**WHAT TO WORK ON**
Needed from the data below: every line from the one with "Grilēti kebabi ar" up to and including the one with "before Sunday's Enduro", repeated exactly and with nothing else.

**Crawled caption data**
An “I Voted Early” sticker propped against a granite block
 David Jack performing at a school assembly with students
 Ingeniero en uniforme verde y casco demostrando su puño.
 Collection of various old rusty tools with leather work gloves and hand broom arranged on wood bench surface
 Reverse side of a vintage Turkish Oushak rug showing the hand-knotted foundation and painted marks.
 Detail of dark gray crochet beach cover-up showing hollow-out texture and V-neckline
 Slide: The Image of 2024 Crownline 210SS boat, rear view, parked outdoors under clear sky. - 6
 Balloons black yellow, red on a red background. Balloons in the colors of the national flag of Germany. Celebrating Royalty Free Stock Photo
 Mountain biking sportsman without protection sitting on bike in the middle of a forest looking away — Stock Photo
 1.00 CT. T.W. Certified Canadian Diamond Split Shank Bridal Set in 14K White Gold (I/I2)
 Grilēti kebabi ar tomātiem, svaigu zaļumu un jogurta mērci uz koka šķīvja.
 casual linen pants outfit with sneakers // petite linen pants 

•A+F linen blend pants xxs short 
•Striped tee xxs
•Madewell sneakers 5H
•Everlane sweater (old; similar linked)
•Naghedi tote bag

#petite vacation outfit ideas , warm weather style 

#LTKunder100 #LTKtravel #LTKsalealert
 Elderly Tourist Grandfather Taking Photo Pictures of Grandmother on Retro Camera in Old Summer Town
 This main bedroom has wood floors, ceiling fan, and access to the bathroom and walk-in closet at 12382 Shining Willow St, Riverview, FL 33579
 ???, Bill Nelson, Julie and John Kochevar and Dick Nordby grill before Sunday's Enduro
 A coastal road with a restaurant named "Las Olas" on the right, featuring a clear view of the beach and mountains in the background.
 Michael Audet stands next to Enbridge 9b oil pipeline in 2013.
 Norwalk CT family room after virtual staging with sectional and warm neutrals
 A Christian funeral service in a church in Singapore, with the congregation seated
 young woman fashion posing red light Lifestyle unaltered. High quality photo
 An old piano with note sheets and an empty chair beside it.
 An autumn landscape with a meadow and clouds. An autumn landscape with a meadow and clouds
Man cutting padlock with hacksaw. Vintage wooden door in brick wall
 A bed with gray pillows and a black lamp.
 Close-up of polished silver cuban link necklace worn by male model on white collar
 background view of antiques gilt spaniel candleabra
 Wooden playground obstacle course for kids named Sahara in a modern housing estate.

**RESPONSE BELOW**
 Grilēti kebabi ar tomātiem, svaigu zaļumu un jogurta mērci uz koka šķīvja.
 casual linen pants outfit with sneakers // petite linen pants 

•A+F linen blend pants xxs short 
•Striped tee xxs
•Madewell sneakers 5H
•Everlane sweater (old; similar linked)
•Naghedi tote bag

#petite vacation outfit ideas , warm weather style 

#LTKunder100 #LTKtravel #LTKsalealert
 Elderly Tourist Grandfather Taking Photo Pictures of Grandmother on Retro Camera in Old Summer Town
 This main bedroom has wood floors, ceiling fan, and access to the bathroom and walk-in closet at 12382 Shining Willow St, Riverview, FL 33579
 ???, Bill Nelson, Julie and John Kochevar and Dick Nordby grill before Sunday's Enduro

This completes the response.